No. Not by a long shot. I’m sure there will be another T-Report later today as headlines are coming fast and furious (the WSJ just reported that CS AT1’s will face a haircut). From a pure “absolute priority of payment”, many may have assumed that is equity gets money, the AT1 should not be impaired, and anyone working on that assumption might have to rethink other positions in other institutions.

One question, that I think people had hoped would be put to rest this weekend, is “if CS is solved, can European markets move on?”

For those of you who lived through the GFC and European Debt Crisis, the memories of “epic turning points” that sometimes lasted less than 24 hours is still scarred on our psyche. What is going on so far, does not inspire the greatest confidence, at least not for me, that we can rally and not look back, but the day is young!

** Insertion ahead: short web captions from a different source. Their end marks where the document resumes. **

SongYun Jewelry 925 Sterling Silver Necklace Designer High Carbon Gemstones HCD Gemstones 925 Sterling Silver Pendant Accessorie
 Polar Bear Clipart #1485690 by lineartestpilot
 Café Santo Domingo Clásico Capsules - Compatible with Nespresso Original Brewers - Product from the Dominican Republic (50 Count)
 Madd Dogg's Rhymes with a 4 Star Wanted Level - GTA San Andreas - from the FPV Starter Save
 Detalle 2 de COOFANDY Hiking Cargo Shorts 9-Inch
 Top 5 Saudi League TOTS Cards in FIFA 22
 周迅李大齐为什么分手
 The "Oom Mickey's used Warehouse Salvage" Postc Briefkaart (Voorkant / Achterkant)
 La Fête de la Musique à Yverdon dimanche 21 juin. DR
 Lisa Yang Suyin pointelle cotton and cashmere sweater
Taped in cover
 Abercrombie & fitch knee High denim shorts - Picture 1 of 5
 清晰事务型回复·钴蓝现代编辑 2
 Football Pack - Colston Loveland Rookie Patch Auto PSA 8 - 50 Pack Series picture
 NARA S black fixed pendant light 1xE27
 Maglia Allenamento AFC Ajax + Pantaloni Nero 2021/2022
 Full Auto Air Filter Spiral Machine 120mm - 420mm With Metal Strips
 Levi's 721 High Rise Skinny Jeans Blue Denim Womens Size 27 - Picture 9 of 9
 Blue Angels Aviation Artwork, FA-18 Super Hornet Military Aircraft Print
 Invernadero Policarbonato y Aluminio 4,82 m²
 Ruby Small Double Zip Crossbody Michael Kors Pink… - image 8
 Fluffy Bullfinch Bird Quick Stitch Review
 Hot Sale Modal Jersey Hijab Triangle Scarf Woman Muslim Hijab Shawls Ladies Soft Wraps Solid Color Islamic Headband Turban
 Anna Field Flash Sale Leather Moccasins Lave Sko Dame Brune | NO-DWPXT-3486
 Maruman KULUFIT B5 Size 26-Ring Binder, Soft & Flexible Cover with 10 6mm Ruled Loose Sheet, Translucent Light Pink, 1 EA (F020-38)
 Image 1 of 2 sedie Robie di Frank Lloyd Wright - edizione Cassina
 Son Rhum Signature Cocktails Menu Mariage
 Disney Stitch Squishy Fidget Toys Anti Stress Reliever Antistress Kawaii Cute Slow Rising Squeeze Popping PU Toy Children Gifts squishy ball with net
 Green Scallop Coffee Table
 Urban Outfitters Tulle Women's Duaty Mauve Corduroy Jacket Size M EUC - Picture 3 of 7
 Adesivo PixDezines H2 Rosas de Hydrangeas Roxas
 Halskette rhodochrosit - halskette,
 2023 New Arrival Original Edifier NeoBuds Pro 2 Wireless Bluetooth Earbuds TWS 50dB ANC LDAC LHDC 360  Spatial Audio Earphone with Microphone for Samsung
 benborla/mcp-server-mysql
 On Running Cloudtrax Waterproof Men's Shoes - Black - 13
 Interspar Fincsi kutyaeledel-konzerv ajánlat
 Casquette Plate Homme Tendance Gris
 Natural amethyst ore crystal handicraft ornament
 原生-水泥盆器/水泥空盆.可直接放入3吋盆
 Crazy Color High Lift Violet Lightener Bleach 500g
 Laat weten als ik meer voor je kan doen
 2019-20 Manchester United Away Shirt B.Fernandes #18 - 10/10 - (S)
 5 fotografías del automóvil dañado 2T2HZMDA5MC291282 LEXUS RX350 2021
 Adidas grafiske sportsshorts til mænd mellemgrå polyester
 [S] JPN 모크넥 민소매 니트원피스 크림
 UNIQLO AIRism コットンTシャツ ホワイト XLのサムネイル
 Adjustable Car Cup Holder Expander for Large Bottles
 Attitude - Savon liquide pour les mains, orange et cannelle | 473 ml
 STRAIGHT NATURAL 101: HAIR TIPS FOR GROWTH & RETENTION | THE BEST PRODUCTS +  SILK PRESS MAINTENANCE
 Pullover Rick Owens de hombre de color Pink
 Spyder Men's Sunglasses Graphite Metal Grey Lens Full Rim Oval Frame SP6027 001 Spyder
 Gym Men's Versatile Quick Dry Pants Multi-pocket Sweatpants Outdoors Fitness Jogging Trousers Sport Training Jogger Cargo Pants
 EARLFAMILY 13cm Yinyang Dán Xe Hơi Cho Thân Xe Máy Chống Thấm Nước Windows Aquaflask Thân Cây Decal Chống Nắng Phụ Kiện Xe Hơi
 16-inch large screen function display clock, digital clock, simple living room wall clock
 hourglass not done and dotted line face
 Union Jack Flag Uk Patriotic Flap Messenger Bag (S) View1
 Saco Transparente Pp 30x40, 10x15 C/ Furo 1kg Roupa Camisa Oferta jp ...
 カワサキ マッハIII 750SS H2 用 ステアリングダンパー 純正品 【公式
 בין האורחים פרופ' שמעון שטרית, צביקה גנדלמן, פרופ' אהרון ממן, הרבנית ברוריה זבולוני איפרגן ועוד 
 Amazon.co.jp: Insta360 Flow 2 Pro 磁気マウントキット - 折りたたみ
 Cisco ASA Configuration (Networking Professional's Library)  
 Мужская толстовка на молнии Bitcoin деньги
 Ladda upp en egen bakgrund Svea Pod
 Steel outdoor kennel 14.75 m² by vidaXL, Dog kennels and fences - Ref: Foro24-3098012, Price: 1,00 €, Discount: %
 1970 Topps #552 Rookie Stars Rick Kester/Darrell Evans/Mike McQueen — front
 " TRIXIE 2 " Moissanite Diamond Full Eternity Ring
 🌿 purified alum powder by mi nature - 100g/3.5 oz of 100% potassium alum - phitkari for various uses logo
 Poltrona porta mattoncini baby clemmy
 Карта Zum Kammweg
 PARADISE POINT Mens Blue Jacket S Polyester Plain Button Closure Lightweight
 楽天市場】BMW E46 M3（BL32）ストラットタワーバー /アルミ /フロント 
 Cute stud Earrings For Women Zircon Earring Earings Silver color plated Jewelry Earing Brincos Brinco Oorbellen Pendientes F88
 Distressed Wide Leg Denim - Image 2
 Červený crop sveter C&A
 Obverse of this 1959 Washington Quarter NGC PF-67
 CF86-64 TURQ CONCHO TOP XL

All Quiet on the U.S. Front

As we sent in a Bloomberg IP on Friday, a “plane tracker” reported on twitter that a lot of private jets were showing up in Omaha. There are stories that Buffett is talking to Biden. He was very involved in the GFC, taking direct positions and indirectly supporting companies with his “seal of approval”. Will that be the case this time? Will it work?

I saw a headline that some banks were pushing for a “temporary” (in this case 2-year) extension of FDIC insurance to all deposits of any size. As written yesterday, in Gasp, Gup, Glug, I think we need much broader deposit insurance to stabilize the situation.

That will give us the breathing room to get capital infusions where necessary.

Smaller banks, well below Wall Street’s radar, are bearing the brunt of this and that can become problematic for the economy. As as reminder “small, Medium Banks Account For 50% Of C&I Lending, 45% Of Consumer Lending And 80% Of All Commercial Real Estate Lending.”


Bottom Line

The day is young, the coffee is flowing, and there is a lot more time to see some truly positive and supportive news before U.S. futures open at 6 pm EST. or the cash markets open here at 9:30 am EST.

So I am optimistic we see more done and am looking forward to being on Bloomberg TV tonight at 6:30 pm as they ramp up special coverage of the global banking industry!